W czasie wczorajszego wyścigu o Grand Prix Azerbejdżanu po raz kolejny mocno zaiskrzyło na linii Sebastian Vettel – Lewis Hamilton. – Jeśli chce udowodnić, że jest mężczyzną, niech wyjdzie z bolidu, załatwimy to po męsku – wypalił Anglik. To kolejny akt w zaciętej rywalizacji byłych mistrzów świata. Ale historia Formuły 1 jest pełna jeszcze ostrzejszych akcji na torze i mocniejszych słów.
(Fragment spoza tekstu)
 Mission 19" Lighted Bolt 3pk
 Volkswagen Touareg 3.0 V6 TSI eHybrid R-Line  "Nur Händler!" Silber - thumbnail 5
Hamilton w Azerbejdżanie mocno zwolnił przed restartem wyścigu. Vettel nie wyhamował i lekko uderzył w tył jego bolidu, po czym zaczął kląć i gestykulować w kierunku Anglika. To jednak nie był koniec. Chwilę później wyprzedził go i celowo uderzył w jego bolid, co dokładnie widać na poniższym filmie. Vettel dostał 10 sekund kary, ale pośrednio cel osiągnął – utrzymał prowadzenie w klasyfikacji generalnej Formuły 1. Walka niemieckiego i angielskiego mistrza świata jest fascynująca, ale do naszego TOP 7 ostrych rywalizacji w F1 póki co jeszcze się nie łapie…
Complete version of that gif #Vettel #Hamilton pic.twitter.com/fgxh7B8pOi
— Mattzel89 (@Mattzel89) June 25, 2017
7. Reutemann – Jones
W 1980 roku zespół Williams miał piekielnie mocny samochód, klasyfikację konstruktorów wygrał zdobywając prawie dwa razy więcej punktów niż drugi Ligier. Alan Jones zdobył mistrzostwo świata, a Carlos Reutemann nieznacznie przegrał drugie miejsce z Nelsonem Piquetem. Przed rozpoczęciem kolejnego sezonu, bukmacherzy szanse Reutemanna i Jonesa oceniali bardzo podobnie.
I rzeczywiście, obaj walczyli. Wszelkimi sposobami. Reutemann miał poczucie, że zespół faworyzuje Australijczyka, w czasie GP Brazylii dostał polecenie przepuszczenia Jonesa, ale odmówił. Walka o tytuł szła na całego, przed ostatnim wyścigiem w USA to Argentyńczyk prowadził, zdobył też pole position. Ale tytułu nie wywalczył, na pustyni Mojave triumfował Jones, a mistrzem świata został… Nelson Piquet.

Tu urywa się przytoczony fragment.